Dr Spector is not the first G-spot sceptic. Much of the early research – including Gräfenberg's – was discounted as being too reliant on women's anecdotal accounts. One study in the 1980s was widely criticised for being based entirely on the experience of one woman, who claimed to experience a "deeper" orgasm when that area was stimulated.
It is still unclear how Gräfenberg himself conducted his original research, but judging by the descriptions of his "experiments" they were a little on the haphazard side.
"Even when there was a good response in the entire vagina, this particular area was more easily stimulated by the finger than the other areas of the vagina," wrote the gynaecologist. "Women tested this way always knew when the finger slipped from the urethra by the impairment of their sexual stimulation."
Whatever their methods, it seemed that the followers of the holy grail of female pleasure were having trouble proving this fabled pleasure spot existed.
By 1981, Dr J Jones Stewart said he had categorically proved the G spot was a myth. The gynaecologist said that all evidence pointed to it being a myth, after women who had the supposed G spot area removed reported no loss of sensation.

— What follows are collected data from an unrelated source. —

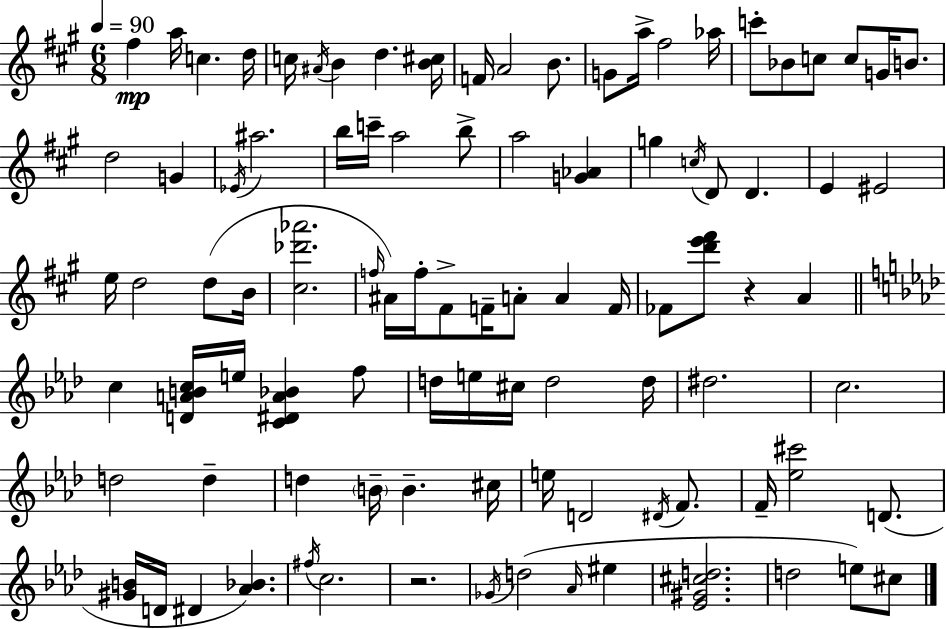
{
  \clef treble
  \numericTimeSignature
  \time 6/8
  \key a \major
  \tempo 4 = 90
  fis''4\mp a''16 c''4. d''16 | c''16 \acciaccatura { ais'16 } b'4 d''4. | <b' cis''>16 f'16 a'2 b'8. | g'8 a''16-> fis''2 | \break aes''16 c'''8-. bes'8 c''8 c''8 g'16 b'8. | d''2 g'4 | \acciaccatura { ees'16 } ais''2. | b''16 c'''16-- a''2 | \break b''8-> a''2 <g' aes'>4 | g''4 \acciaccatura { c''16 } d'8 d'4. | e'4 eis'2 | e''16 d''2 | \break d''8( b'16 <cis'' des''' aes'''>2. | \grace { f''16 } ais'16) f''16-. fis'8-> f'16-- a'8-. a'4 | f'16 fes'8 <d''' e''' fis'''>8 r4 | a'4 \bar "||" \break \key aes \major c''4 <d' a' b' c''>16 e''16 <c' dis' a' bes'>4 f''8 | d''16 e''16 cis''16 d''2 d''16 | dis''2. | c''2. | \break d''2 d''4-- | d''4 \parenthesize b'16-- b'4.-- cis''16 | e''16 d'2 \acciaccatura { dis'16 } f'8. | f'16-- <ees'' cis'''>2 d'8.( | \break <gis' b'>16 d'16 dis'4 <aes' bes'>4.) | \acciaccatura { fis''16 } c''2. | r2. | \acciaccatura { ges'16 } d''2( \grace { aes'16 } | \break eis''4 <ees' gis' cis'' d''>2. | d''2 | e''8) cis''8 \bar "|."
}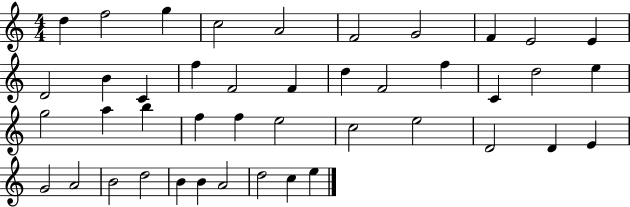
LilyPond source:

{
  \clef treble
  \numericTimeSignature
  \time 4/4
  \key c \major
  d''4 f''2 g''4 | c''2 a'2 | f'2 g'2 | f'4 e'2 e'4 | \break d'2 b'4 c'4 | f''4 f'2 f'4 | d''4 f'2 f''4 | c'4 d''2 e''4 | \break g''2 a''4 b''4 | f''4 f''4 e''2 | c''2 e''2 | d'2 d'4 e'4 | \break g'2 a'2 | b'2 d''2 | b'4 b'4 a'2 | d''2 c''4 e''4 | \break \bar "|."
}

And now the same contentions regarding the rigour of research methods have returned. When Dr Gräfenberg wrote in 1950 that "although female orgasm has been discussed for many centuries or even thousands of years, the problems of female satisfaction are not yet solved", he could not have predicted that this statement would remain true for so long.
Despite Dr Jannini's latest findings, we are still not much closer to definitive knowledge of female sexual pleasure.
"The solution of the problem would be better furthered, if the sexologists know exactly what they are talking about," said Gräfenberg, but even now, a lack of comprehensive studies of female orgasm mean it is a topic scientists still don't fully understand.
Dr Jannini admits that the numbers surveyed for his study were too small to be comprehensive, and it is not yet clear even what proportion of women have a G spot.
But previous questionnaire-based research suggests it might be a very small proportion, as a recent survey of women revealed that fewer than a third believed they had experienced orgasm during intercourse.
Yet, while many couples across the country will breathe a sigh of relief that the G spot does indeed exist, what does this mean for the women who, according to Dr Jannini, will never be able to experience such heights of sexual pleasure?
Colin Holt, a psychosexual therapist, said that couples should not become too preoccupied with the G spot as the only route to satisfaction. "People could get hung up on the idea they're lacking it, but most women still orgasm through clitoral stimulation," said Mr Holt. "I think people should stop fussing about reaching all these different spots, relax and enjoy sex."